Question

Four billion years ago, the day (as defined by Earth’s rotation about its own axis) was about 14 hours long.

a. What is the Earth’s average angular acceleration during the past four billion years? [Hint: you have Ti and Tf. From these, find ωi and ωf and then apply the rotational kinematic equations.]

b. This slowing is due to tides. What is the average torque applied to the Earth due to tides during the last four billion years? [Hint: assume that the torque is due to a tangential force applied to a spherical Earth.]

Answer 1

a)
calculate angular frequency using 2pi/T where T = 14 hrs (convert it into seconds)
calculate both: acceleration = (wf - wi)/4 billion yrs in seconds

b) Torque = Inertia x angular accn (use this to calculate inertia of solid sphere)
http://upload.wikimedia.org/wikipedia/en/math/2/5/4/254af3f927c4a1294f2d234fa57fe6f6.png

though i never think tides would do such a thing.

Answer 2

To solve this, you really need to recall the definitions of angular frequency \(\omega\), frequency \(f\), period \(T\), angular velocity \(\omega\), and angular acceleration \(\alpha\).
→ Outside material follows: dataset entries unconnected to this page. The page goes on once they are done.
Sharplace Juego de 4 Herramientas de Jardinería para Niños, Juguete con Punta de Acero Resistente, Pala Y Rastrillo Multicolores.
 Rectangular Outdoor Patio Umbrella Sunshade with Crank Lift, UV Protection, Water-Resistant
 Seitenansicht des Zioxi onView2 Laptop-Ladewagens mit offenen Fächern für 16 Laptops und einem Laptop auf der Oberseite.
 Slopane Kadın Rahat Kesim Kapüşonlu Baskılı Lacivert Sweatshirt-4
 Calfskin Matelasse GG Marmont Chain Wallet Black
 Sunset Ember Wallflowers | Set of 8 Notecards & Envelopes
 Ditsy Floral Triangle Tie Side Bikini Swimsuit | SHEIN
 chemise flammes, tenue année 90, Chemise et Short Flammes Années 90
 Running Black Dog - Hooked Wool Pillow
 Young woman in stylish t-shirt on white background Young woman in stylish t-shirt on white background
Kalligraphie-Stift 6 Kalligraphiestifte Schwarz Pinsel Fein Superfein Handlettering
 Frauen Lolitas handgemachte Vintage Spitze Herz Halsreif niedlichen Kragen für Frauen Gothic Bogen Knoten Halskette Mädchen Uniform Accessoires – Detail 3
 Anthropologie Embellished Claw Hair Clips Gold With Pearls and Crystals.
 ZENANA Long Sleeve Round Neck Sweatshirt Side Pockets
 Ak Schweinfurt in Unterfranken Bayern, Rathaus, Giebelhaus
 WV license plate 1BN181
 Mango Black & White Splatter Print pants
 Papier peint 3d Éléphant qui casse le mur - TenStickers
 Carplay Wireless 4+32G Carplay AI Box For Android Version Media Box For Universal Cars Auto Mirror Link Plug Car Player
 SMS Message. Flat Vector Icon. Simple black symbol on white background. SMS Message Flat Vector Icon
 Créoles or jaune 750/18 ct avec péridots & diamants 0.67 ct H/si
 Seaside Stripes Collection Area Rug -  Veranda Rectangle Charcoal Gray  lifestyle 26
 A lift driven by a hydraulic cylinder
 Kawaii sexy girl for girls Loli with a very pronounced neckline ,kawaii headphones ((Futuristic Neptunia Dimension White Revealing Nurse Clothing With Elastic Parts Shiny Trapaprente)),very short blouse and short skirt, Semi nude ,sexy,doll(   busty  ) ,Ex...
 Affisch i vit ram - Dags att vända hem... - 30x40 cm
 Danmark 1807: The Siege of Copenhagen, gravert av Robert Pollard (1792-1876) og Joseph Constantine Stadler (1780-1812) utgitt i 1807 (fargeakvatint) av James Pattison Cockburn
Take note that in the special case of uniform circular motion, angular frequency \(\omega\) is quantitatively equivalent to angular velocity \(\omega\). It is unfortunate that we denote these two quantities with the same letter by standard, so please keep in mind that we can only interchange angular frequency and angular velocity in the case of circular motion.

By definition, the relationship between angular frequency and frequency is \(\omega = 2\pi f\). Additionally, by definition, the relationship between period and frequency is \(T = \frac{1}{f} \). Hence, we can express \(\omega = \frac{2\pi}{T} \). Now, we define average angular acceleration by \(\bar \alpha = \frac{\Delta \omega}{\Delta t}\) for some change in angular velocity \(\Delta \omega\) and some change in time \(\Delta t\). We can now expand this, recognizing that \(\Delta \omega = \omega_f = \omega_i\).\[\bar \alpha = \frac{\omega_f - \omega_i}{\Delta t} = \frac{\frac{2\pi}{T_f}-\frac{2\pi}{T_i}}{\Delta t}=\boxed{\displaystyle \frac{2\pi}{\Delta t}\left(\frac{1}{T_f}-\frac{1}{T_i}\right)}\] Now, you can simply just plug in values to get your answer.

By definition, the relationship between average torque, average angular acceleration, and an object's moment of inertia \(I\) is given by analogy to Newton's second law: \(\bar \tau = I \bar \alpha\). The moment of inertia of a solid sphere is given by \(I = \frac{2}{5}MR^2\), where \(M\) is the mass of the earth and \(R\) is the radius of the earth. Substituting everything gives the following expression.\[\bar \tau = \frac{2}{5}MR^2 \bar \alpha = \boxed{\displaystyle \frac{4\pi MR^2}{5\Delta t}\left(\frac{1}{T_f}-\frac{1}{T_i}\right)} \]Again, plug in values, and you'll have your final answer.